Louise Reine Audu, surnommée la Reine des Halles, est une femme française, fruitière à Paris et figure de la Révolution. Elle est connue pour avoir participé à la marche des femmes sur Versailles et à la prise des Tuileries.

Biographie[modifier | modifier le code]

Son véritable nom serait Louise-Renée Leduc[1]. Elle disait être née à Château-Gontier[2].
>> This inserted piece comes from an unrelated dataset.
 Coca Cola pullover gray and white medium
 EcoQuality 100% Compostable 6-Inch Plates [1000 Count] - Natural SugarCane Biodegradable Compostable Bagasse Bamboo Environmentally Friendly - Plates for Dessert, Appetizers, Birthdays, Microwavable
Elle participe dès 1789 aux évènements de la Révolution française. Le 5 octobre 1789, elle prend part au cortège de femmes (femmes de la Halles, principalement,) qui va à Versailles pour réclamer du pain au roi. Paris subit alors une disette de pain terrible (et encore inexpliquée), alors qu'il ne manque pas autour de la capitale. Elle fait peut-être partie des cinq femmes qui entre dans l'appartement du roi avec Mounier qui est alors le président de l'Assemblée nationale et lui font sanctionner entre autres la déclaration des droits de l'homme[3]. Les femmes et les gardes françaises parisiennes qui les ont rejointes, font revenir le Roi et la famille royale (au chant de «le boulanger, la boulangère et le petit mitron»[4]) à Paris. L'Assemblée nationale suit. Reine Audu est représentée dans toutes les estampes de l'époque à cheval ou montée sur les canons réquisitionnés par la marche des femmes. Elle est la seule personne accusée formellement et mise en prison à la suite des journées d'octobre.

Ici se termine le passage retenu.